Polizei stellte „Fahrtenschreiber“ der Regionalbahn sicher

Der 28-Jährige aus Hemer trug „erhebliche“ Verletzungen davon, die allerdings in erster Linie von den Schlägen und nicht vom Sturz aus dem Zug stammen sollen. Der Mann wurde ins Krankenhaus eingeliefert, das er aber am Abend nach ambulanter Behandlung wieder verlassen konnte.

Kriminaltechniker der Bundespolizei ordneten an, dass Spuren an der Zugtür selbst sowie der „Fahrtenschreiber“ des Zuges sichergestellt wurden.

Die Bundespolizei leitete gegen die drei Männer ein Ermittlungsverfahren wegen gefährlicher Körperverletzung ein.

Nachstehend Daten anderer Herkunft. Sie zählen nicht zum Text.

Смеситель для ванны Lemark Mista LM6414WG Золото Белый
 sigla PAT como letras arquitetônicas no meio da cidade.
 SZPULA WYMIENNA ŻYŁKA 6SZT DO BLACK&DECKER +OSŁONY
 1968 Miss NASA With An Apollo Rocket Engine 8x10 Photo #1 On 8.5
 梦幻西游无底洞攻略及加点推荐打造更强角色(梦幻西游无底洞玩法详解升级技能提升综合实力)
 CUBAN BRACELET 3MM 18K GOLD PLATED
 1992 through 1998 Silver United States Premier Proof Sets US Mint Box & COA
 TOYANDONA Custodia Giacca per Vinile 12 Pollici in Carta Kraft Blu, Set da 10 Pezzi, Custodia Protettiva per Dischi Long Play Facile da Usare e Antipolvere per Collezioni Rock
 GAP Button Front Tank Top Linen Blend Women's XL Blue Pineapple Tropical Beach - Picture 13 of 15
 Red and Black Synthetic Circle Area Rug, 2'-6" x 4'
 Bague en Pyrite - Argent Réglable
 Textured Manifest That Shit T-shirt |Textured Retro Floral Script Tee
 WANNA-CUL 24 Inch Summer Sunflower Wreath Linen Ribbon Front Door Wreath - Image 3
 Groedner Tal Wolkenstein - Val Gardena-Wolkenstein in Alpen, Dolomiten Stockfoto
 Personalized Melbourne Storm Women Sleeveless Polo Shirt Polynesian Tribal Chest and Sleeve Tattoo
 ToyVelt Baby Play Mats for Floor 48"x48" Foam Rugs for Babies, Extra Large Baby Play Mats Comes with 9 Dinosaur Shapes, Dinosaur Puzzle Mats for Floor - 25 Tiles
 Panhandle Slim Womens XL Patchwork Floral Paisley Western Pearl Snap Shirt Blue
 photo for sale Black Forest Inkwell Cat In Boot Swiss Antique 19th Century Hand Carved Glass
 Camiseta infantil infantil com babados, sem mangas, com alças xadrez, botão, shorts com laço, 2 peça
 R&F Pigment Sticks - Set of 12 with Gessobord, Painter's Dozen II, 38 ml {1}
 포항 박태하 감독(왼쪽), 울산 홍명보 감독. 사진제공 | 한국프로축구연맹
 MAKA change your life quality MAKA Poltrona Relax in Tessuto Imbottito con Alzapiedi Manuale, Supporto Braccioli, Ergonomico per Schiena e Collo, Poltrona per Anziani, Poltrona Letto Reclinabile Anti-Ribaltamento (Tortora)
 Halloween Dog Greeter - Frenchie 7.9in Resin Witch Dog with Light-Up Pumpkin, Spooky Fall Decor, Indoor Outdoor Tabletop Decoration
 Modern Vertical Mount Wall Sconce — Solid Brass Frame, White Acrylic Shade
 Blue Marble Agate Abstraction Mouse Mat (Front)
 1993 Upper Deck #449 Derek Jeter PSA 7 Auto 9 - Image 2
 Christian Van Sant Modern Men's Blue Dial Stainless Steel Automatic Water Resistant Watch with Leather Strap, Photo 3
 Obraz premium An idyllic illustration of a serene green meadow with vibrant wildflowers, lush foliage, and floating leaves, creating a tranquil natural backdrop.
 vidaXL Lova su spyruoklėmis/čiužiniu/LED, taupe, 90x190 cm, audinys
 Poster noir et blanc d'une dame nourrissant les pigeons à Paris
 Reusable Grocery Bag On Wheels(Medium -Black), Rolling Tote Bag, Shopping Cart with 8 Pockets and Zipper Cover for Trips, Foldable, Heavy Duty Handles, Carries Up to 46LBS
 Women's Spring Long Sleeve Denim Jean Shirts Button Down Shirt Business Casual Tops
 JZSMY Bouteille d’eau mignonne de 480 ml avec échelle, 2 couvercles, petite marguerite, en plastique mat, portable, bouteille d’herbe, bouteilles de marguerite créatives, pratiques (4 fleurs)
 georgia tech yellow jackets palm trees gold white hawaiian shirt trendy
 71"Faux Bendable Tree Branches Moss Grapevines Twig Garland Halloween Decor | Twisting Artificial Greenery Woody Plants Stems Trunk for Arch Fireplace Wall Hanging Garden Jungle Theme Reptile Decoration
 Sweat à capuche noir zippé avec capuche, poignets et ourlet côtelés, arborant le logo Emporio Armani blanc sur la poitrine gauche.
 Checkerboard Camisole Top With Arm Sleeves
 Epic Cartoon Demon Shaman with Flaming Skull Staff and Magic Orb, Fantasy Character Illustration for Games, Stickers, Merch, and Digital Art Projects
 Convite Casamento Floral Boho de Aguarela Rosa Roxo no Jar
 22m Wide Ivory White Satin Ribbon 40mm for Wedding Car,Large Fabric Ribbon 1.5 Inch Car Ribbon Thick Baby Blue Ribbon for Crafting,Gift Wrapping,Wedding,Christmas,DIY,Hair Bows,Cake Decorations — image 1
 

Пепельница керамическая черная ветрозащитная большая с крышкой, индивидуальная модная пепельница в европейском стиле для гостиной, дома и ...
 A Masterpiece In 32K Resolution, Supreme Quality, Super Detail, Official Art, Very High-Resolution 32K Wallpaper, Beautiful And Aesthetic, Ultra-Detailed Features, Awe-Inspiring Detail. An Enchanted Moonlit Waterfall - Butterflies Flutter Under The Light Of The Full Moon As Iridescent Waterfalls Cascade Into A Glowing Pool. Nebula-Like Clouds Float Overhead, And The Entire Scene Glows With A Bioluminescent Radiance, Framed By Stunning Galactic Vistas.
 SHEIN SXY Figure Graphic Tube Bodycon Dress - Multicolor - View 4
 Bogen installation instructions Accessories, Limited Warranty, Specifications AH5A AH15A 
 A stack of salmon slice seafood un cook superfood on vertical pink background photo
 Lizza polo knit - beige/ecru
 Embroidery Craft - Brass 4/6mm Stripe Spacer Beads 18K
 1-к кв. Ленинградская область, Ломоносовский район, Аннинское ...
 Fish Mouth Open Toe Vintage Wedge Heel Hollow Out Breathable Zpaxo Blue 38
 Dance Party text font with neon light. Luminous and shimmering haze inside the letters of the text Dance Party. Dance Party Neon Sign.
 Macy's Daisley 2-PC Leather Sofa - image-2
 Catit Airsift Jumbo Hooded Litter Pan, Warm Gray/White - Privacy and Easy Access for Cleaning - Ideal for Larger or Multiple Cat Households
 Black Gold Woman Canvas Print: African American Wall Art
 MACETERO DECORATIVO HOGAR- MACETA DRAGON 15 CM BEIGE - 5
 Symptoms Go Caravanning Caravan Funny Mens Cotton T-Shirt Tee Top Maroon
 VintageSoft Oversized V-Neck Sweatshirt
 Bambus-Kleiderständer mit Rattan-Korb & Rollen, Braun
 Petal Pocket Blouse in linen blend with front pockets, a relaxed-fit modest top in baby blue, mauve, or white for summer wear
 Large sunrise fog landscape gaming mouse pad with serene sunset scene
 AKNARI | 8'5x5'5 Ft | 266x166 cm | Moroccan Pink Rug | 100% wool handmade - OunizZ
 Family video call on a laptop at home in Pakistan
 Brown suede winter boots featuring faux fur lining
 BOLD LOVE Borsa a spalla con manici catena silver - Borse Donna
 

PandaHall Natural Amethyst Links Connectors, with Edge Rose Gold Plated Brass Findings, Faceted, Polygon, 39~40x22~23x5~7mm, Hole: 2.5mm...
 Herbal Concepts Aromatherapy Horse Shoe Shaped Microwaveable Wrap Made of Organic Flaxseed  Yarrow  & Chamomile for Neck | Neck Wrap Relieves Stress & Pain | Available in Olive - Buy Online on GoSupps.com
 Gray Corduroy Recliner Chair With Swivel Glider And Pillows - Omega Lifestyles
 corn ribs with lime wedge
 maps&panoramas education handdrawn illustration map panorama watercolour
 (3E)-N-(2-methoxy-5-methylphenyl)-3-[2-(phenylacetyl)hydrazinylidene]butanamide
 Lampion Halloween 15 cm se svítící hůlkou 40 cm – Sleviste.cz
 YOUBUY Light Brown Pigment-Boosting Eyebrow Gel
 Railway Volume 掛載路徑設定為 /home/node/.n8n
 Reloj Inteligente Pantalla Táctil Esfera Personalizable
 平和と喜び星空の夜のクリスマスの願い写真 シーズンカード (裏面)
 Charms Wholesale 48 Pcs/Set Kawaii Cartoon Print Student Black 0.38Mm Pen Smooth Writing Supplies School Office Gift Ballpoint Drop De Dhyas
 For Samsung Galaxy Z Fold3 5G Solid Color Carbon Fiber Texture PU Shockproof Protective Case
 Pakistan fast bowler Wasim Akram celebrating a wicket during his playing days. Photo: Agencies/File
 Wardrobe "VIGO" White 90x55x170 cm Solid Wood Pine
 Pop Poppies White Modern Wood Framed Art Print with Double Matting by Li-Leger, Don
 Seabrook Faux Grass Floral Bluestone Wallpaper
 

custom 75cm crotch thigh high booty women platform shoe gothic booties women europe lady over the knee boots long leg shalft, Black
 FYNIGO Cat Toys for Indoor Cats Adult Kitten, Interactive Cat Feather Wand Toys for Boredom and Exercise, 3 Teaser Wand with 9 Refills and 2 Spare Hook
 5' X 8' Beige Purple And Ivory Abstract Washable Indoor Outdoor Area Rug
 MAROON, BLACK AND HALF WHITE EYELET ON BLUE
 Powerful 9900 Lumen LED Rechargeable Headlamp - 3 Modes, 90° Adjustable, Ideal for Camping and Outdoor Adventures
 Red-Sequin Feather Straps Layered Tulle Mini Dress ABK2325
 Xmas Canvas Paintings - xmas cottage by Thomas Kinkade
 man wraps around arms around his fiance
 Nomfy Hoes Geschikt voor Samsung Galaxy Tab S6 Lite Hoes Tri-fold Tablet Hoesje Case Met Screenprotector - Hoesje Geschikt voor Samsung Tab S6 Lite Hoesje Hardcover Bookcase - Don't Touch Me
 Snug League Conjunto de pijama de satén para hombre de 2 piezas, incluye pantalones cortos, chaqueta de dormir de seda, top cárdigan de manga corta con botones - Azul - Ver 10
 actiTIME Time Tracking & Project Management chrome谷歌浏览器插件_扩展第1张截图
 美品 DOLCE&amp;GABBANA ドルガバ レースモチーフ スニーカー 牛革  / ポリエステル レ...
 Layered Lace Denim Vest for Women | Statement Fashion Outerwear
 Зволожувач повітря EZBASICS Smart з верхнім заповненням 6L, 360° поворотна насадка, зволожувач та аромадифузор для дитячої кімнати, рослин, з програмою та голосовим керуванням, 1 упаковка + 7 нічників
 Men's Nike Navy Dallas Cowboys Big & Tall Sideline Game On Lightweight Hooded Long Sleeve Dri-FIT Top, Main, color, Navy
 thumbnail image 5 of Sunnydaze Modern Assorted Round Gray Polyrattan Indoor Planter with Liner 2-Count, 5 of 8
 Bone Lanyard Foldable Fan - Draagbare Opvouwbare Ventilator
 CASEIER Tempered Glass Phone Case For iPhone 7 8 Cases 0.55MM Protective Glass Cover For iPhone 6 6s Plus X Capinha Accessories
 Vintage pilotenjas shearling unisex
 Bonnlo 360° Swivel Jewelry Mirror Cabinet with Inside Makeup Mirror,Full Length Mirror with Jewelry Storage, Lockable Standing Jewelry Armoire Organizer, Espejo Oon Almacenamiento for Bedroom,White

Die Ermittlungen laufen noch.

Die Regionalbahn 53 fährt vom Dortmunder Hauptbahnhof über Signal Iduna Park, Hörde und Aplerbeck-Süd weiter nach Schwerte und Iserlohn.

Auf der Strecke hatten zuletzt wieder die Züge gewechselt. Anfang 2019 hatten dort Züge aus Polen die vorherigen Modelle aus Frankreich abgelöst. Doch die neuen Züge hatten so viele technische Probleme, dass es vor wenigen Wochen einen erneuten Tausch gab: zu Modellen des kanadischen Herstellers Bombardier, die vorher in der Eifel und in Süddeutschland unterwegs waren.